# TensorFlow Keras MNIST Classifier - Local Example

_**Train and export a TF.Keras CNN classifier for (a subset of) the [MNIST DIGITS](https://en.wikipedia.org/wiki/MNIST_database) dataset: Performing all storage and computation locally on the notebook.**_

This notebook works well with the `Python 3 (TensorFlow 2.3 Python 3.7 CPU Optimized)` kernel on SageMaker Studio, or `conda_tensorflow2_p37` on classic SageMaker Notebook Instances.

---

The [dataset](https://s3.amazonaws.com/fast-ai-imageclas/mnist_png.tgz) is hosted in the [Registry of Open Data on AWS](https://registry.opendata.aws/fast-ai-imageclas/) and contains PNG images organized in folders by which digit they represent.

>❓*Can you figure out how to re-create this notebook's workflow using SageMaker more effectively?*

## Contents

1. **[Notebook Setup](#Notebook-Setup)**
1. **[Prepare the Data](#Prepare-the-Data)**
1. **[Load the Data From File](#Load-the-Data-From-File)**
1. **[Pre-Process the Data for our CNN](#Pre-Process-the-Data-for-our-CNN)**
1. **[Build a Model](#Build-a-Model)**
1. **[Fit the Model](#Fit-the-Model)**
1. **[Save the Trained Model](#Save-the-Trained-Model)**
1. **[Explore Results](#Explore-Results)**

See the accompanying **Instructions** notebook for more guidance!

## Notebook Setup

As usual, we'll start by installing any extra required libraries and importing dependencies.

> ℹ️ **Troubleshooting install issues** if you run in to `ModuleNotFoundError` below, or the interactive widgets don't render for you:
>
> - Check you ran the below `!pip install` commands, and restarted the notebook kernel before running other code cells.
> - If a module looks like it was installed successfully but is missing from the notebook kernel environment, you may need to `%pip install` instead to install them in the right place.
> - You may need to restart your notebook kernel after installing pip libraries - Especially if you already `import`ed affected modules or are running on a SageMaker Notebook Instance instead of Studio.
> - Check you have the **`@jupyter-widgets/jupyterlab-manager`** and **`ipycanvas`** JupyterLab widgets installed (Use the puzzle piece icon "Extension Manager" sidebar tab, or click *Settings > Enable Extension Manager* if you don't see it). "Rebuild" JupyterLab if prompted, then save your work and refresh the page once the build is complete.

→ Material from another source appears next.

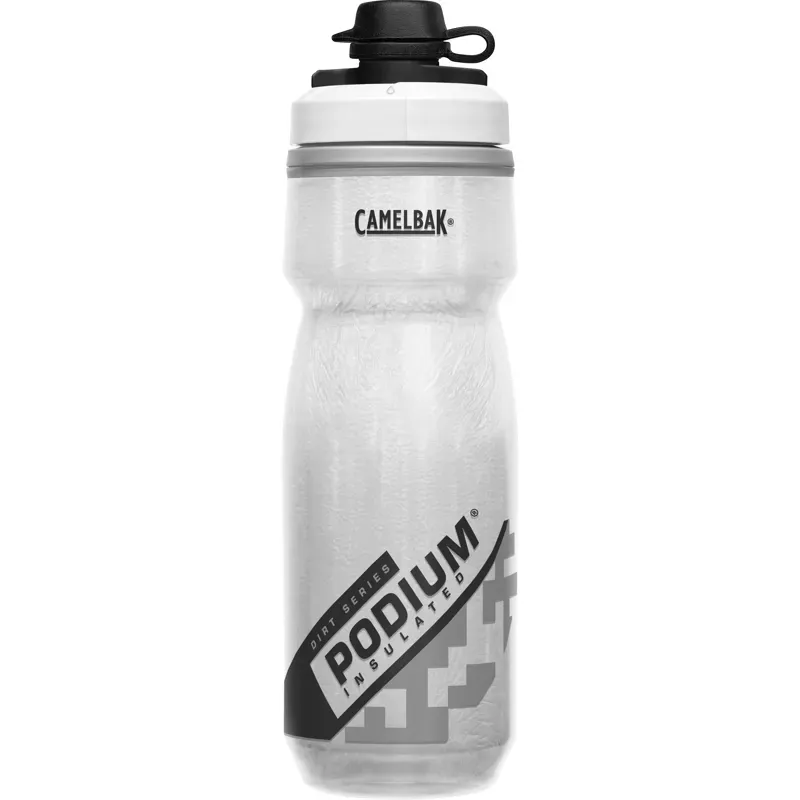 Camelbak Podium Dirt Series 620ml Chill Bottle - White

In Studio, you may also need to open a system terminal and run `restart-jupyter-server`.
>
> In practice (and in this workshop's CloudFormation templates), JupyterLab extensions are typically installed via **lifecycle configuration scripts** for [Studio](https://aws.amazon.com/blogs/machine-learning/customize-amazon-sagemaker-studio-using-lifecycle-configurations/) or [Notebook Instances](https://docs.aws.amazon.com/sagemaker/latest/dg/notebook-lifecycle-config.html) - rather than manual installs by users.

In [None]:
# First install some libraries which might not be available across all kernels:
!pip install "ipycanvas<0.13" "ipywidgets<8" matplotlib

> ⚠️ ***RESTART your notebook kernel*** before continuing! (Circular arrow button in the toolbar)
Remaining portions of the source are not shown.